Table of contents

The GDS Way and its content is intended for internal use by the GDS community.

Service Level Indicators

A Service Level Indicator, or SLI, is “A carefully defined quantitative measure of some aspect of the level of service that is provided” (Site Reliability Engineering, Chapter 4). In other words, it is a specific instance of a metric you care about in your service.

Common examples are measures like:

  • request latency
  • error rate
  • service availability

A related concept is the Service Level Objective. This defines the target value for the SLO. For example, using the SLIs above, the SLOs might be:

  • 95% of requests served within .5 second
  • 0.1% error rate
  • 99.99% service availability

Some services may also have a Service Level Agreement, which is an official contract with the users and often includes consequences if the targets are not met.

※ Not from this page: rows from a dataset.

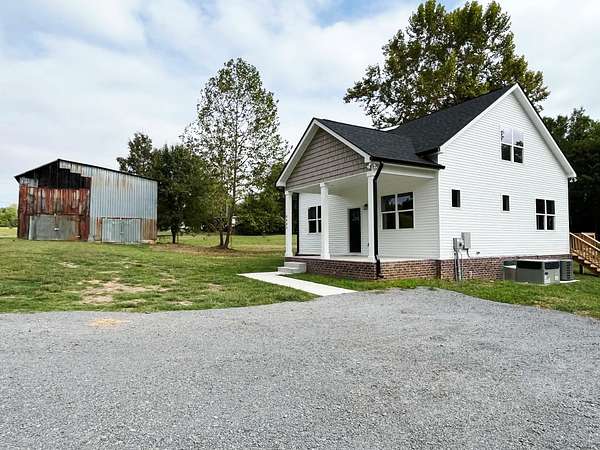 1.7 Acres of Land with Home for Sale in Springfield, Tennessee
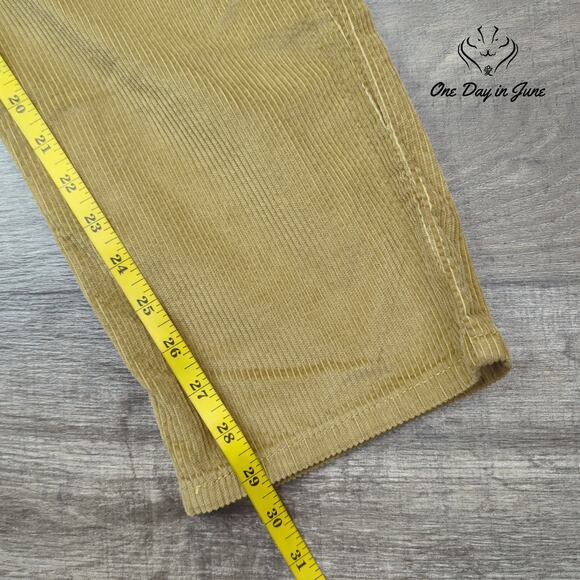 Levi's Low Pro Mid Rise Straight Leg Corduroy Pants Size 4 (27x30) - Picture 5 of 6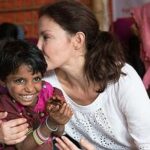 Ashley Judd Instagram - The first time I was aware something was violated in me was when a man molested me when I was 7 years old. I later learned vocabulary to put to this abrogation of my rights in instruments such as @unitednationshumanrights Convention on the Rights of the Child. All over the world, I have worked with partners like @unfpa to restore and uphold folks’ individual and collective rights, and especially to hold space as they heal from the wounding from violence against their rights. On #HumanRightsDay, I recommit to my, yours, and everyone’s human rights. May we all treat each other with fundamental decency and care.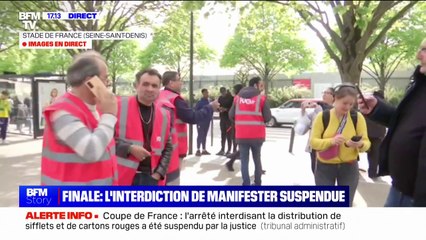 Emmanuel Macron à la finale de la Coupe de France: les syndicalistes distribuent des cartons rouges aux abords du Stade de France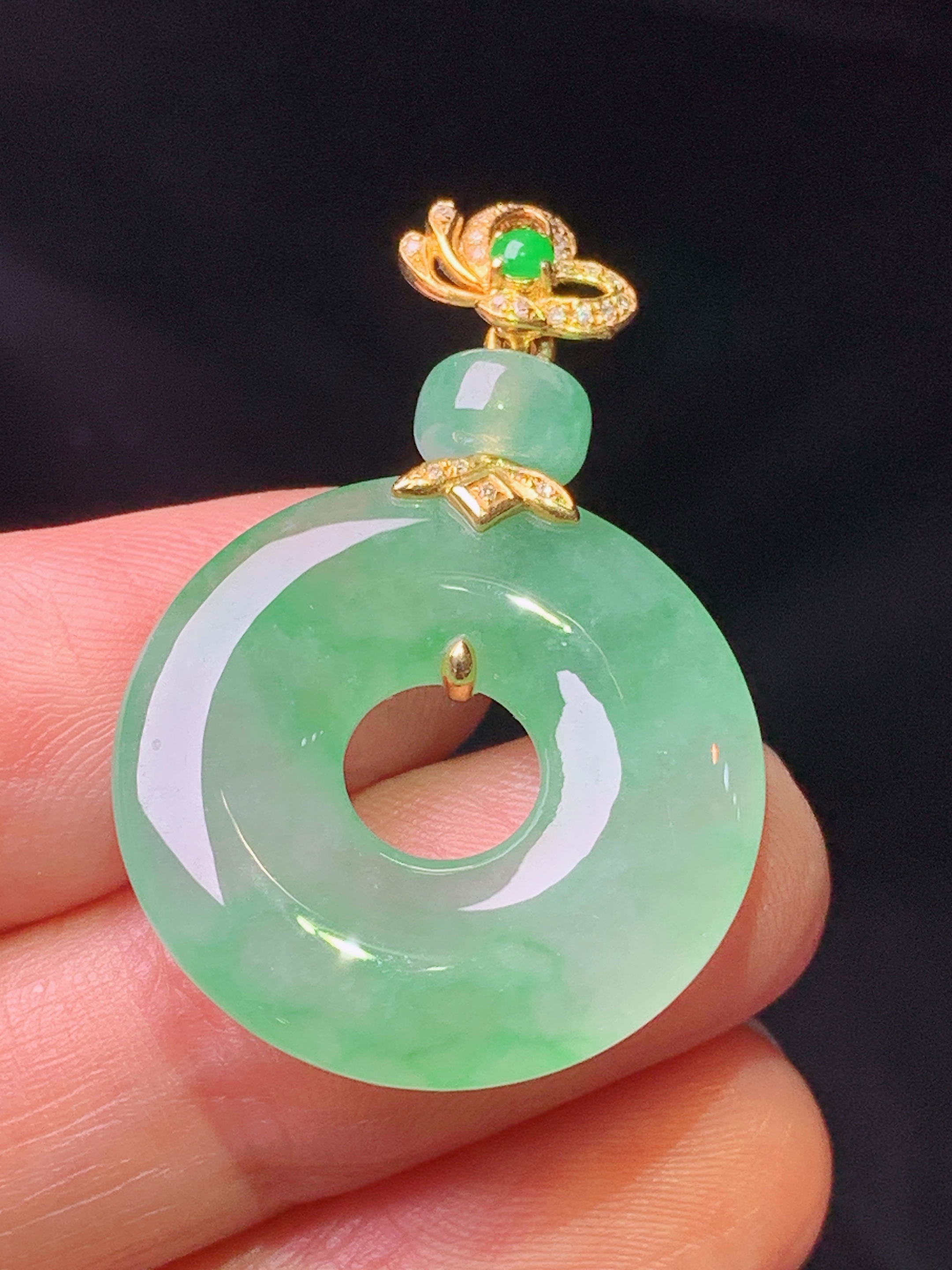 18k金钻镶嵌翠绿平安环吊坠 玉质细腻 色泽艳丽清新 水润亮眼 整体尺寸36.2*23.3*4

The error budget is related to the SLO and represents the amount the service is allowed to deviate from 100% performance over a certain time period. For example, a service that has a target of 99.9% successful requests, and which serves 1 million requests a month, would have an error budget permitting 1000 errors in that period.

SLIs and SLOs can be a useful way of prioritising what needs to be worked on next. Comparing the actual values of the SLIs to the SLOs can determine whether action is needed in a particular area and how urgent it is.

Choosing SLIs for your product

It is important to frame the discussion about which SLIs to choose in terms of the users. What do the users care about? What promises are you trying to uphold? When would users stop using the service because it’s not reliable enough?

Be careful not to choose too many SLIs; the Google SRE book recommends “a handful of representative indicators”.

Think about how users interact with the system, and what would need to be measured for each indicator. How would you collect the data?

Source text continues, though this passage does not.